I was active on the college lecture circuit during those yearslargely because of my Voice columns. And on campuses from Alabama to Wyoming, I found students and faculty members who had discovered the Voice and had joined "the community of consciousness."
The dissonances inside the paper continued, including whether or not to organize a union. Aware that the AFL-CIO had supported the Vietnam War, many of the staff wanted no part of a union. Then Rupert Murdoch bought the paper. His well-known hostility to unions immediately led to a long line of Voice workers from all departments going down to then District 65 (now a part of the United Auto Workers union) to sign up.
photo: Fred W. McDarrah
A gathering of Voice writers in 1967: From left: Howard Smith, Deborah Jowitt, Michael Zwerin, Joe Flaherty, John Perreault, Dan List, Margot Hentoff, Michael Harrington, Nat Hentoff, Carmen Moore, Ross Wetzsteon, Jonas Mekas
Not long ago, I saw Rupert Murdoch at a book party for Judge Andrew Napolitano of Fox News at its New York studios. I reminded Murdoch that I'd once worked for him. He groaned and said, without missing a beat, "Oh, the Voice, the bane of my existence!"

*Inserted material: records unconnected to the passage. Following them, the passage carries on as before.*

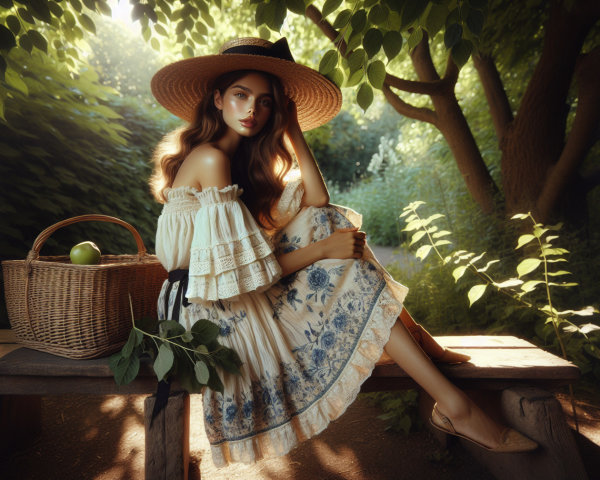 Young woman in floral dress on rustic bench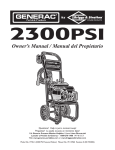 Owner`s Manual / Manual del Propietario - Ppe- pressure
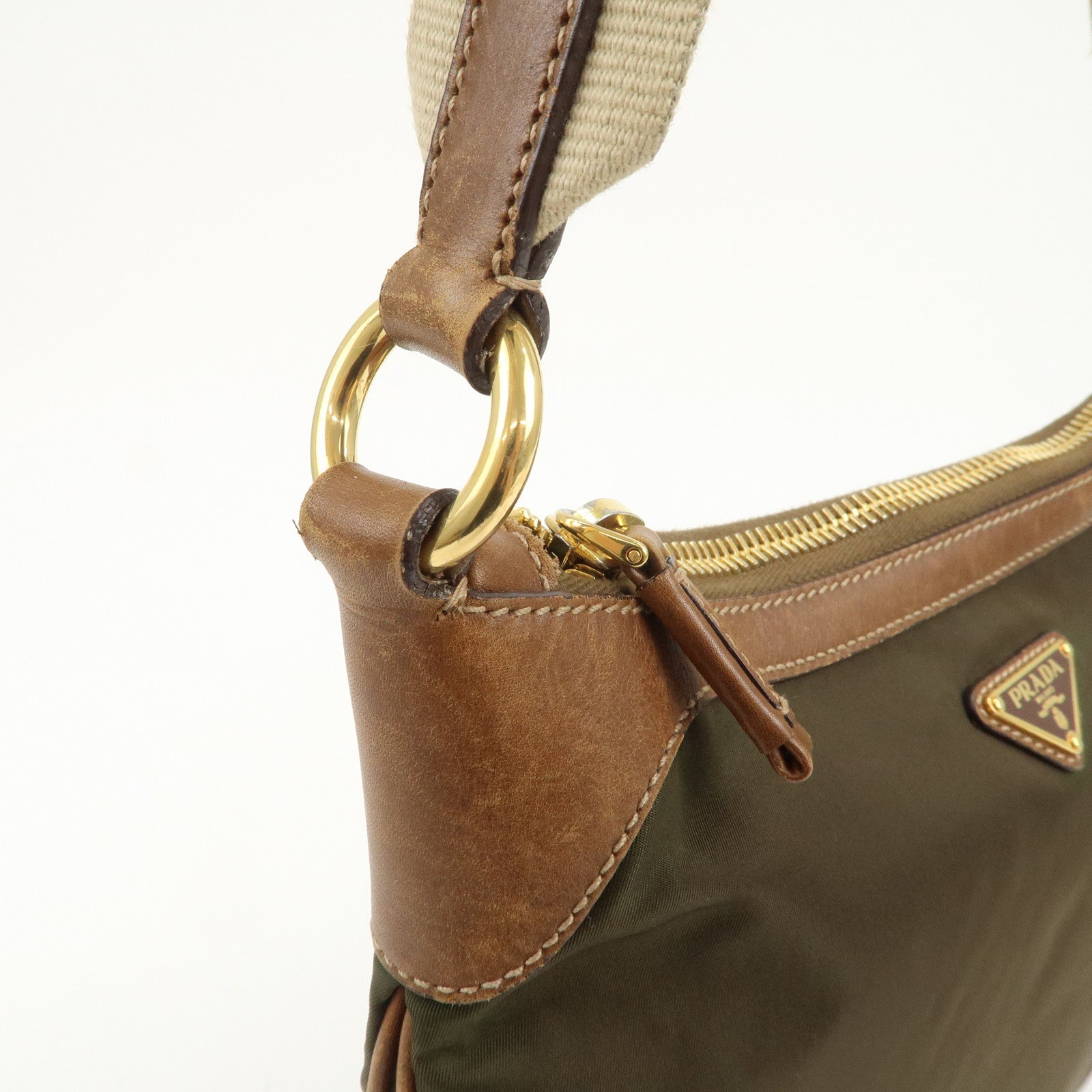 PRADA Triangle Logo Nylon Leather Crossbody Shoulder Bag Khaki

During his regime here, the Voice was, to my knowledge, the only one of his properties that openly and directly criticized him from time to time. At one point, he was so furious at one of our columnists, Alexander Cockburn, that he called the then editor in chief, David Schneiderman, and ordered him to fire Cockburn. Schneiderman did not. Murdoch called him again and threatened, "If you don't fire him, I'll sell the Voice to someone worse than I am!" Schneiderman took the chance.
That was, and is, the spirit of the Voice. And that's why I've stayed here all these years.